The policy herein did not cover the plaintiff's claim and the trial court was correct in granting summary judgment.

NOTES

[1] See Bardy v. Walt Disney World Co., 643 So.2d 46 (Fla. 5th DCA 1994), review denied, 651 So.2d 1197 (Fla. 1995).

[1] Judge Griffin believes that there would be liability under the policy if there only existed a cause of action for negligently entrusting Russom's vehicle to himself. She opines, however, that no such cause of action exists. This would also excuse Scarlett O'Hara's, even if it had possession of Russom's car keys, from a negligent entrustment action based on its getting him drunk, returning the keys to him, and releasing him into traffic. Because we are not here considering the liability of Scarlett O'Hara's to Hack but rather whether there is any responsibility of the insurer under its policy, I elect not to consider this issue. I note, however, that the answer is not as certain as one might expect. See Jordan v. Sabourin, 1996 WL 694628 (Conn.Super., 1996); Reddell v. Allen, 193 Ga.App. 102, 386 S.E.2d 735 (1989). I prefer to accept the analysis of the Ohio court that even if the cause of action exists, under the pleadings and facts of this case, liability for the cause of action is excluded by the policy.

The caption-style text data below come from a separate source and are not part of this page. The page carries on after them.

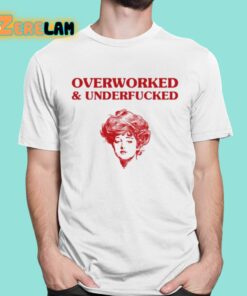 Overworked And Underfucked Gibson Girl Shirt 16 1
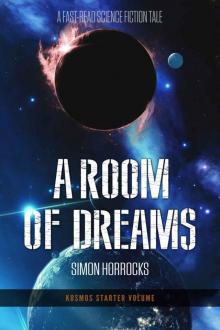 A Room Of Dreams (Kosmos Book 0) Read online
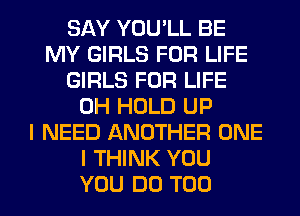 SAY YOU'LL BE
MY GIRLS FOR LIFE
GIRLS FOR LIFE
0H HOLD UP
I NEED ANOTHER ONE
I THINK YOU
YOU DO T00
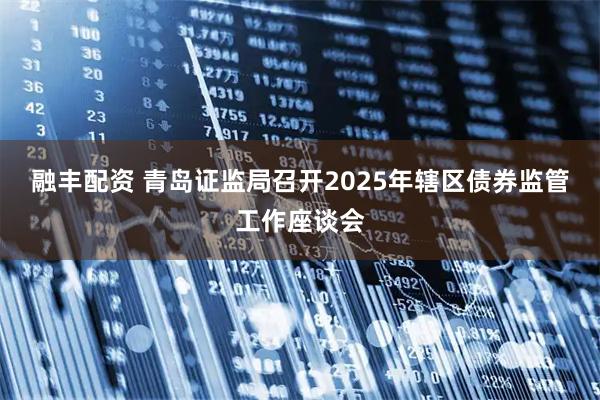 融丰配资 青岛证监局召开2025年辖区债券监管工作座谈会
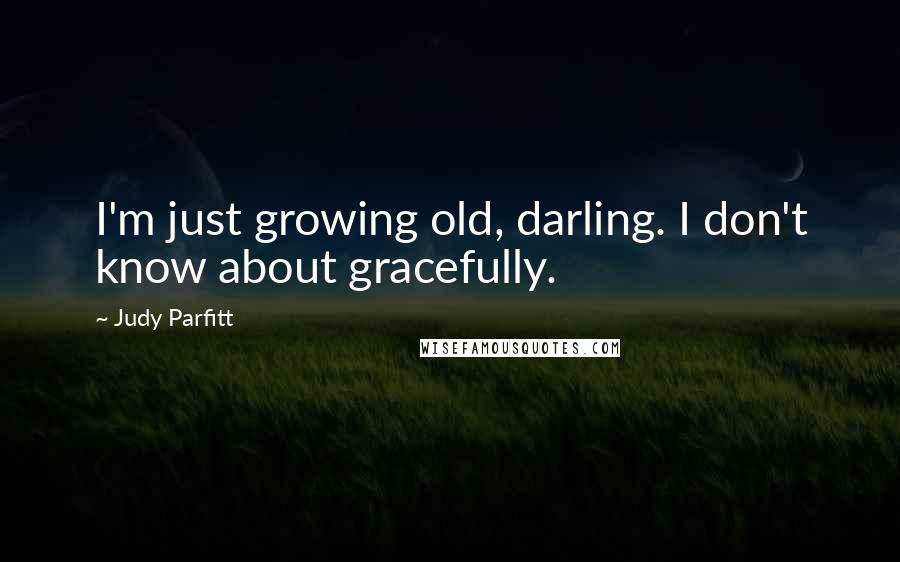 Judy Parfitt Quotes: I'm just growing old, darling. I don't know about gracefully.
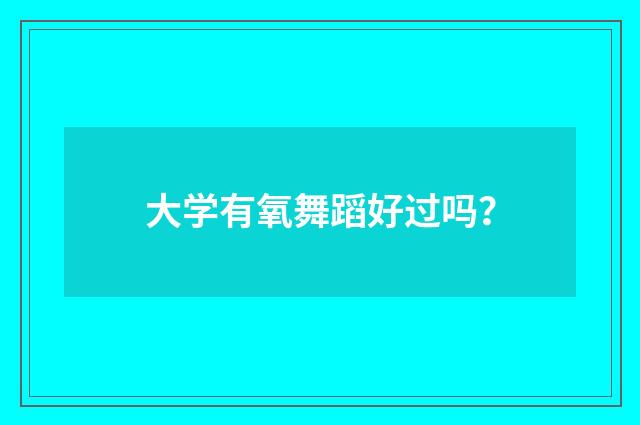 大学有氧舞蹈好过吗？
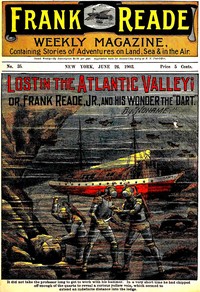 Book cover of "Lost in the Atlantic Valley; Or, Frank Reade, Jr., and His Wonder, the "Dart""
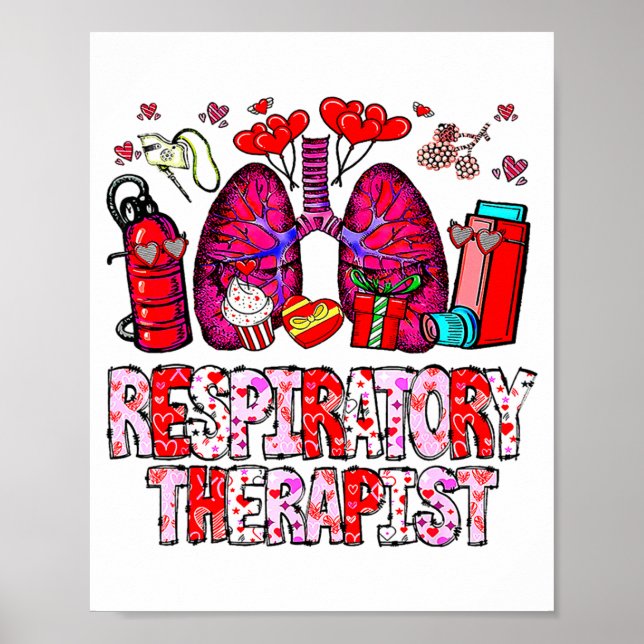 Respiratory Therapist Rt Funny Valentines Day Nurs Poster (Front)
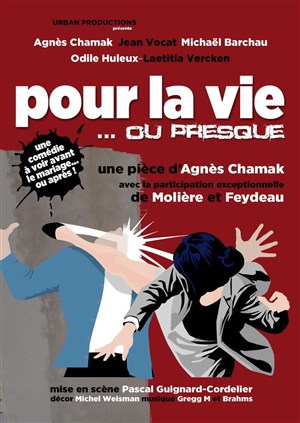 Affiche de Pour la vie... ou presque
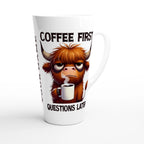 Personalise - Coffee First, Questions Later, Highland Cow - White Latte 17oz Ceramic Mug Personalised Latte Mug animal Coffee Globally Fulfilled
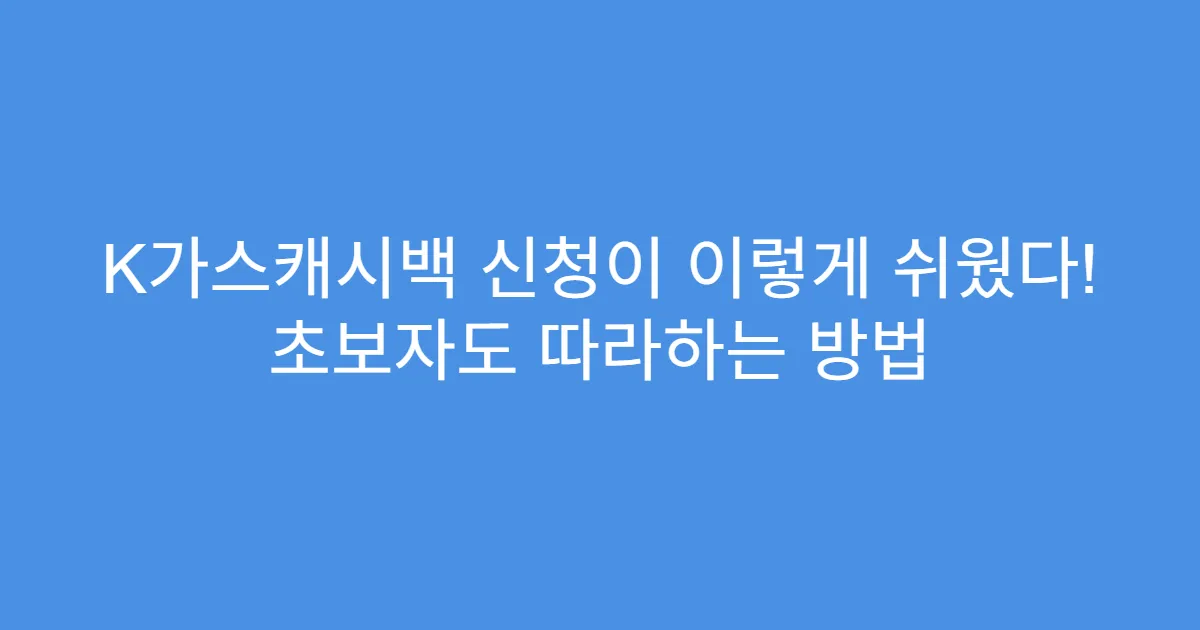 K가스캐시백 신청이 이렇게 쉬웠다! 초보자도 따라하는 방법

[2] We acknowledge that the Fourth District disagreed with Atkins in Smith v. General Acc. Ins. Co. of America, 641 So.2d 123 (Fla. 4th DCA 1994). Smith, relying on the principle that the duty to defend is more extensive than the duty to indemnify, held that even though the policy excluded injuries arising out of the use of a automobile, the insurer nevertheless was obliged to defend an action based on the allegation that the defendant negligently employed the operator of the automobile that caused the injury. Atkins is more persuasive. If the complaint shows that the injury is not covered by the policy, then there should be no duty to pay or defend. If one has not bought the coverage, he is not entitled to the protection. If the complaint can allege a basis for coverage, for example a negligent tort instead of an intentional one, then even though the facts may prove not to support the claim, nevertheless a defense is required. But if one can only allege a cause of action not covered by the policy, he is not entitled to a defense. In Smith, the policy excluded an action based on personal injuries resulting from the use of an automobile. It should not matter whether the injured person claims negligent operation of the vehicle or negligent hiring of the operator who then negligently operates the vehicle; the action is still for injuries resulting from the use of an automobile and is excluded from the policy.